Functional oxide membranes with a freestanding form have the potential for applications in flexible devices. However, the currently used materials have been limited to perovskite structural systems.

Prof. LU Nianpeng's group from the Institute of Physics of the Chinese Academy of Sciences synthesized a new hexagonal BaAl₂O₄ film, which is a hexagonal structure completely different from cubic or tetragonal material systems. The study was published in Nature Materials.

This BaAl₂O₄ film is a hexagonal structure greatly different from cubic or tetragonal materials, which can be widely used to exfoliate the six-fold and three-fold symmetric membranes. It can dissolve rapidly in water within a sub-minute, and remains highly stable against air, oxygen and ammonia, even at high temperatures. The combination of fast water solubility and exceptional thermal and chemical stability allows in-situ and ex-situ growth of high-quality functional films.

By using this hexagonal BaAl₂O₄ as a water-soluble sacrificial layer, researchers fabricated a broad range of freestanding membranes, including the multiferroic material YMnO₃, lithium-ion battery cathode LiCoO₂, antiferromagnetic oxide α-Fe₂O₃, field effect channel material In₂O₃, typical p-type semiconductor NiO, ultra-wide bandgap semiconductor β-Ga₂O₃, and superconducting nitride TiN.

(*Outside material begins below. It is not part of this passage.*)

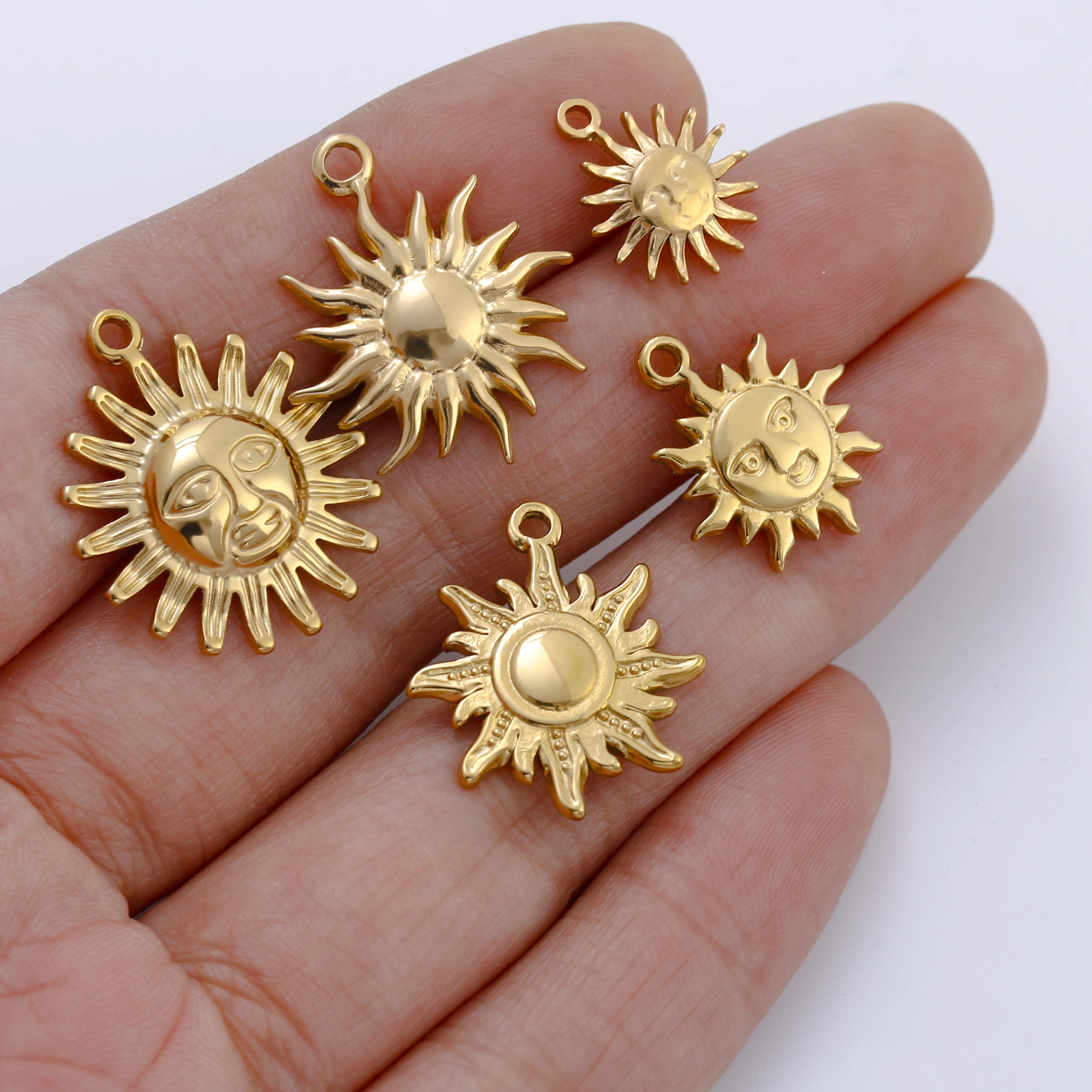 3pcs Stainless Steel Casting Sun Moon Charms Sunburst Pendant Used Women Making Earrings Necklace Bracelet Jewelry Accessories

During the film growth, researchers revealed a unique interfacial strain relaxation mechanism between the films and the substrate, which guaranteed the high-crystallinity of the grown films and the corresponding freestanding membranes.

The application of exfoliated membrane is illustrated by the wide bandgap semiconductor β-Ga₂O₃. The fabricated flexible solar-blind photodetectors from the high-quality β-Ga₂O₃ membranes have good performance and excellent mechanical flexibility, achieving a large photo-to-dark current ratio (10⁴) and a very high detection responsivity (3.79×10³ mA/W).